▶ _Problem details_: Could you write out each entry exactly as it reads?

--- Source information ---

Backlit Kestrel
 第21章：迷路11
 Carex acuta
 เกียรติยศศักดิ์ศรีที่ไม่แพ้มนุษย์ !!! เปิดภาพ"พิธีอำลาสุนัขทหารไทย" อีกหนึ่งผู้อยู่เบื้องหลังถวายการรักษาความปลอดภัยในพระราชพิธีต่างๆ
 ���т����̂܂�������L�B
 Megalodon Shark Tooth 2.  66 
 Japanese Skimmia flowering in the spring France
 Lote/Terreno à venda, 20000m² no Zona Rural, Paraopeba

---

▶ _Expected output_:
Backlit Kestrel
 第21章：迷路11
 Carex acuta
 เกียรติยศศักดิ์ศรีที่ไม่แพ้มนุษย์ !!! เปิดภาพ"พิธีอำลาสุนัขทหารไทย" อีกหนึ่งผู้อยู่เบื้องหลังถวายการรักษาความปลอดภัยในพระราชพิธีต่างๆ
 ���т����̂܂�������L�B
 Megalodon Shark Tooth 2.  66 
 Japanese Skimmia flowering in the spring France
 Lote/Terreno à venda, 20000m² no Zona Rural, Paraopeba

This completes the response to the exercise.